Nichée au cœur de Pontivy, la chapelle Sainte-Tréphine dissimule sous sa sobre façade bretonne un trésor rarissime : une voûte en lambris entièrement peinte en 1701, déployant en huit médaillons la vie tourmentée d'une sainte martyre.
Au détour des ruelles de Pontivy, en plein cœur du Morbihan, la chapelle Sainte-Tréphine se présente avec la retenue caractéristique des édifices religieux bretons : un volume rectangulaire austère, presque modeste, qui ne laisse rien deviner du chef-d'œuvre qu'il abrite. C'est précisément ce contraste entre l'extérieur dépouillé et la richesse intérieure qui rend ce monument si singulier parmi les chapelles rurales et urbaines de la région. Passé le seuil, le visiteur est saisi par la magnificence d'une voûte en lambris peinte couvrant une surface de près de 95 mètres carrés — 11,50 mètres de long sur 8,25 mètres de large. Exécutée en 1701, cette œuvre picturale constitue l'un des ensembles de peintures sur bois les mieux conservés de Bretagne. Huit médaillons narratifs y déroulent la vie de sainte Tréphine avec une expressivité baroque saisissante, enchâssés dans un décor foisonnant de stèles illusionnistes, d'angelots joufflus, de feuilles d'acanthe stylisées, de chutes de fruits et de faux marbres habilement rendus. La qualité d'exécution de cet ensemble trahit la main d'un artiste accompli, parfaitement au fait des codes décoratifs de la seconde moitié du XVIIe siècle. Les entraits — seules pièces de la charpente laissées apparentes — participent eux aussi à la mise en scène : peints à la tempera sur leur face inférieure et leurs chanfreins, ils tissent une continuité visuelle entre structure et décor. Le dernier entrait porte gravée en son centre la date de 1623, précieux témoignage de l'ancienneté de la charpente, antérieure d'une soixantaine d'années au programme pictural. Visiter la chapelle Sainte-Tréphine, c'est embrasser d'un seul regard plusieurs couches du temps : le bois assemblé au début du XVIIe siècle, la peinture baroque du tournant du XVIIIe siècle, et la mémoire d'une sainte dont la légende imprègne encore profondément la culture populaire bretonne. Un arrêt incontournable pour quiconque s'intéresse à l'art religieux breton sous toutes ses formes, loin des cathédrales célèbres mais au plus près de la dévotion populaire.
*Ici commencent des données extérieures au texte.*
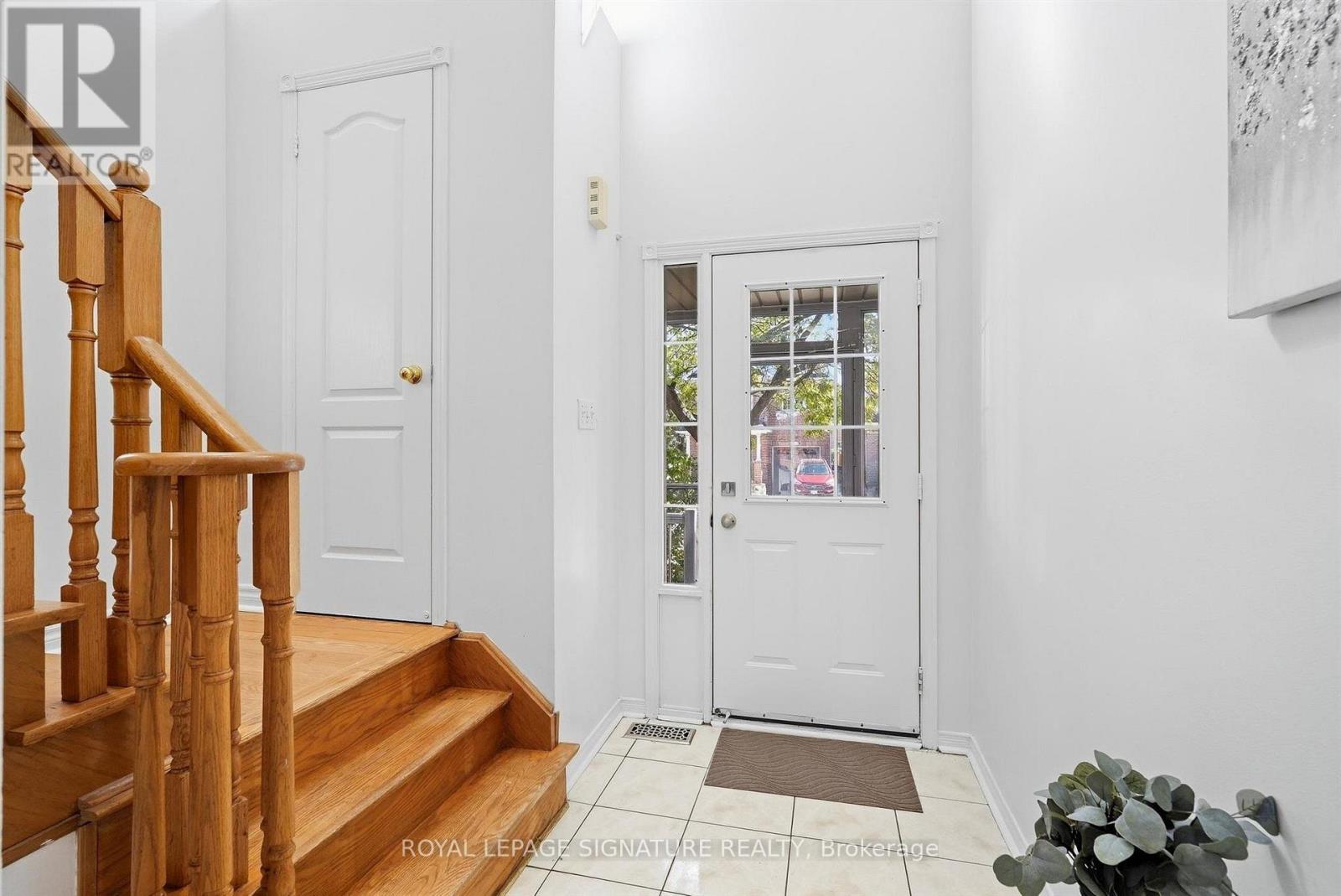 106 Heartleaf Crescent Property Photo 17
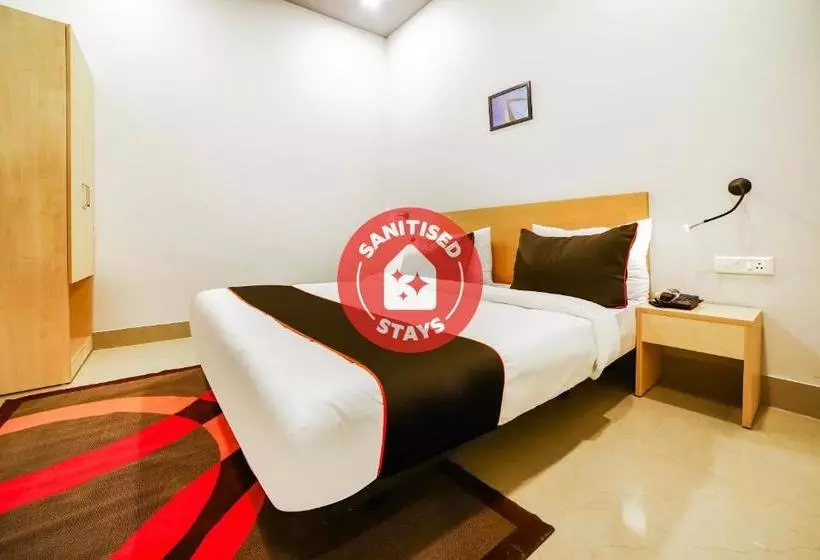 هتل Collection O 77038 Cozy Stayz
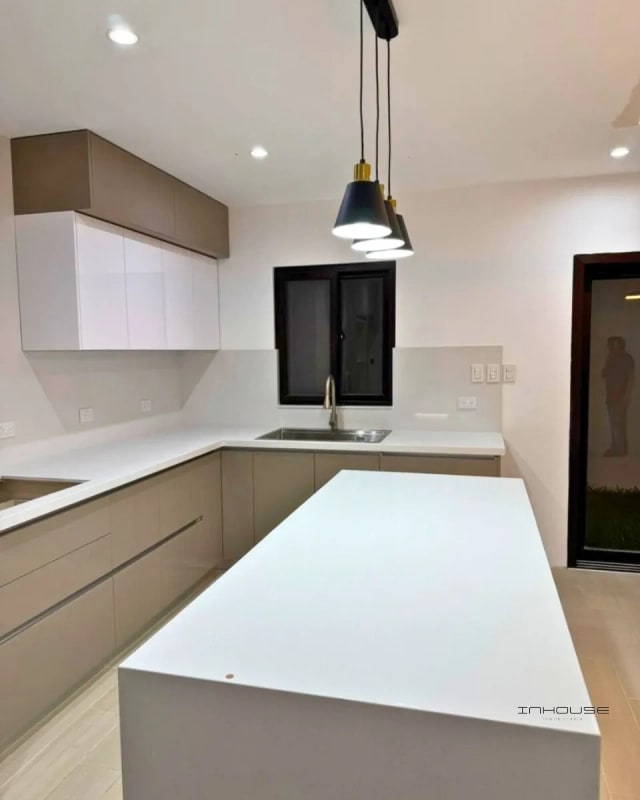 CASA EN VENTA EN ZONA 16 EN PLANOS - 13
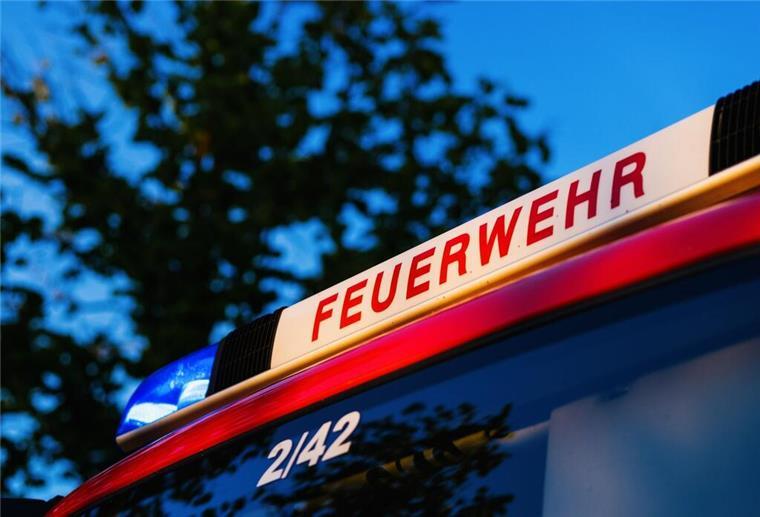 Elsfleth: Erst brennt ein Schuppen, dann das Haus - 2 Wohnungen zerstört Die Feuerwehr musste am Pfingstmontag nach Elsfleth ausrücken. (Symbolbild)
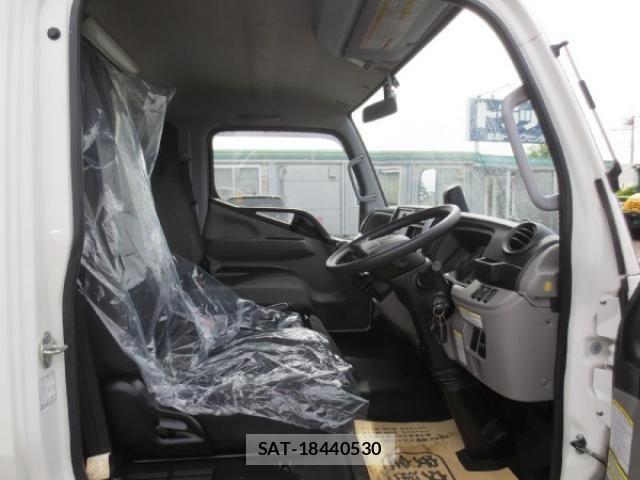 Nissan CONDOR 2020-11 1235382-11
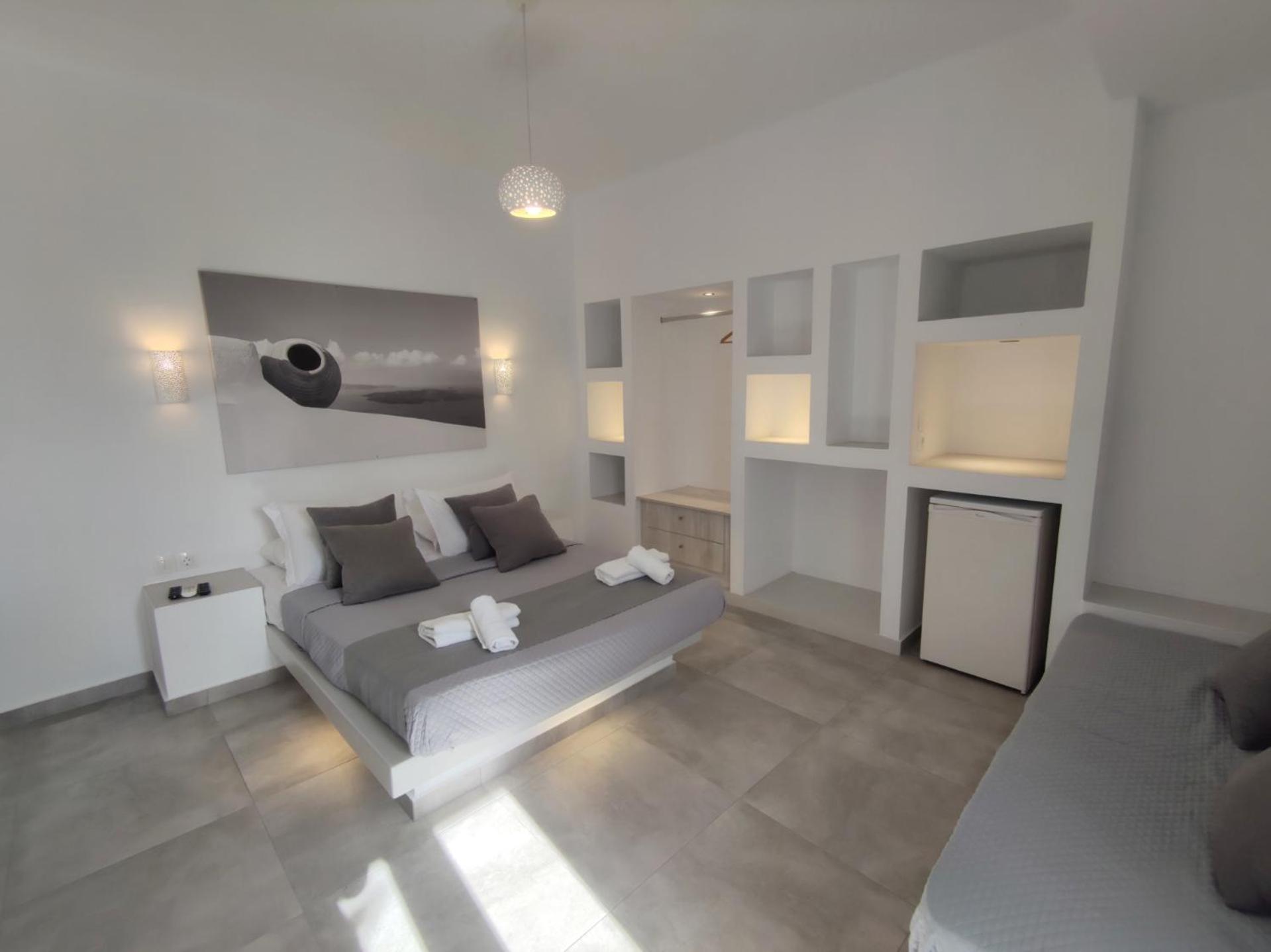Dream 2* Perissa (Santorini)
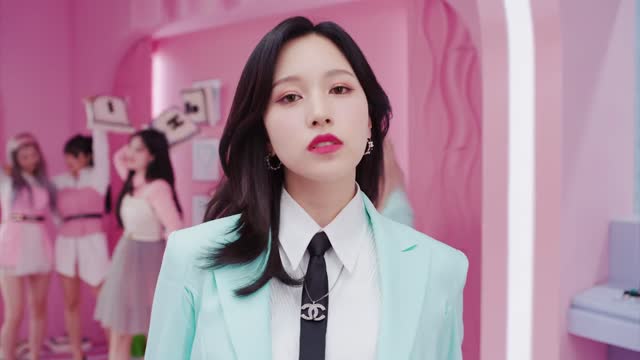 TWICE “SCIENTIST” M/V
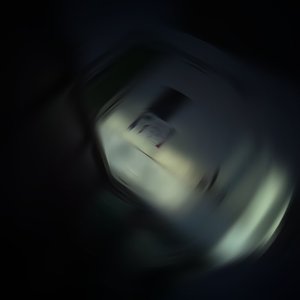 咽恨咀爱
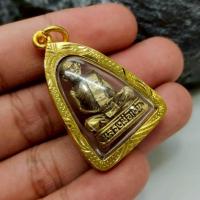 ราคา รูปหล่อหลวงพ่อเงิน วัดบางคลาน ปลุกเสกวัดท้ายน้ำ เลี่ยมทองไมครอนกันน้ำ (40318400606)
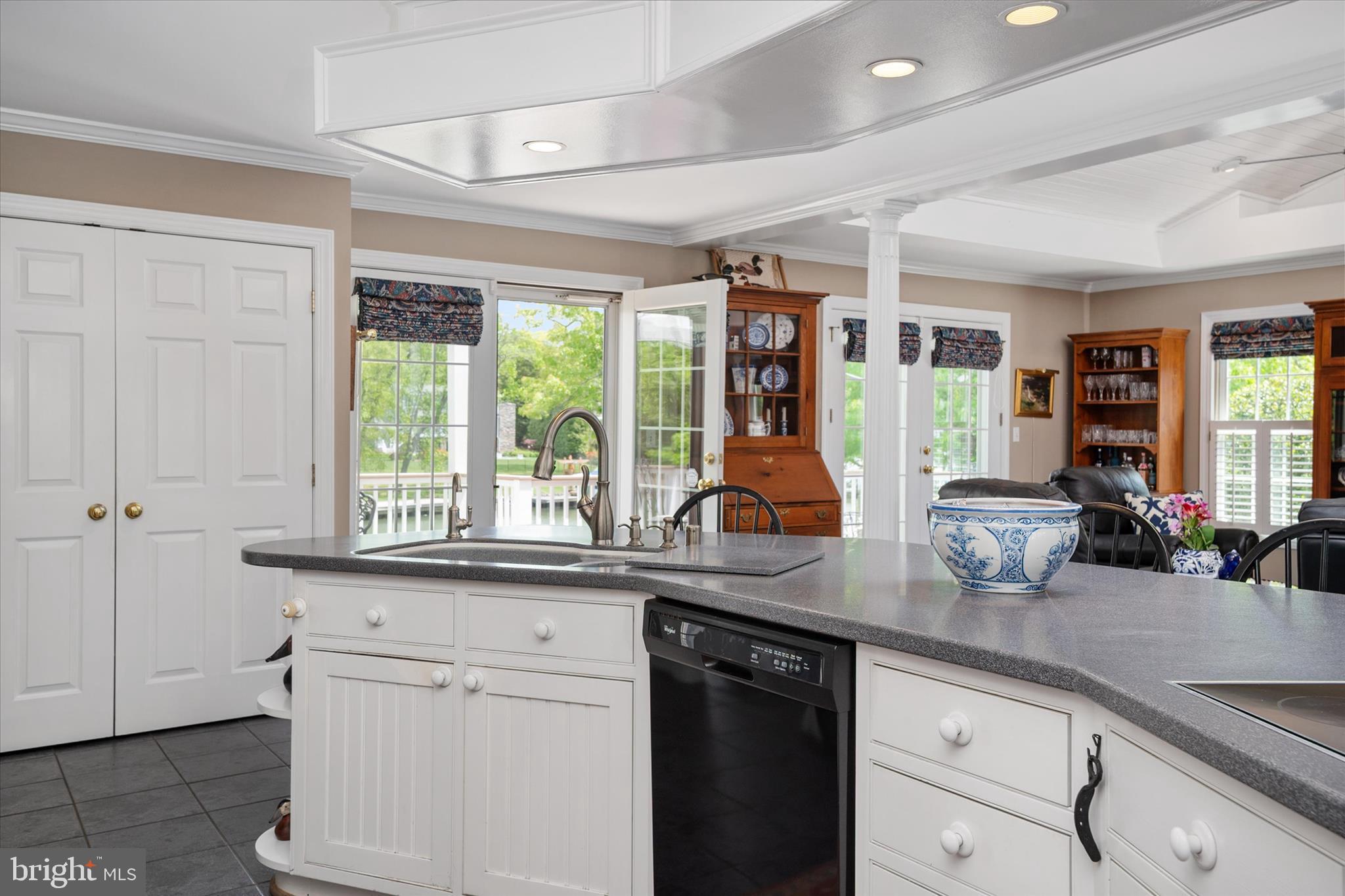 3718 Ramsgate Drive Annapolis, MD 21403 - Photo 39 of 101 kitchen off family room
La chapelle Sainte-Tréphine adopte un plan rectangulaire simple, caractéristique des chapelles rurales bretonnes du XVIIe siècle, sans transept ni déambulatoire. L'élévation extérieure, sobre et dépourvue d'ornements sculptés ostentatoires, s'intègre harmonieusement dans le tissu urbain de Pontivy sans chercher à s'imposer par sa masse. Les maçonneries, vraisemblablement en granite local — pierre dominante du bâti morbihannais —, témoignent d'une construction solide et économe, conforme aux pratiques constructives régionales. La toiture à deux pans, couverte d'ardoises comme le veut la tradition bretonne, parachève cette impression de rigueur extérieure. L'intérieur révèle en revanche une ambition décorative tout autre. La voûte en lambris, véritable raison d'être du monument aux yeux de l'histoire de l'art, couvre l'ensemble de la nef sur 11,50 mètres de longueur et 8,25 mètres de largeur, soit une surface peinte de près de 95 mètres carrés. Exécutée en 1701, cette voûte charpentée se singularise par son programme iconographique en huit médaillons consacrés à la vie de sainte Tréphine, insérés dans un décor foisonnant à la rhétorique baroque assumée : pilastres et stèles en trompe-l'œil, angelots, feuilles d'acanthe, guirlandes de fruits et imitations de marbres polychromes. Les entraits de la charpente, seuls éléments structurels laissés apparents, sont peints à la tempera sur leur face inférieure et leurs chanfreins, créant une continuité visuelle entre structure portante et décor. Le dernier entrait arbore au centre un élément sculpté daté de 1623, attestant l'antériorité de la charpente sur le programme pictural. Cette superposition de temporalités architecturales — charpente du premier XVIIe siècle, lambris peint du tournant du XVIIIe siècle — confère à l'édifice une profondeur historique et artistique rare.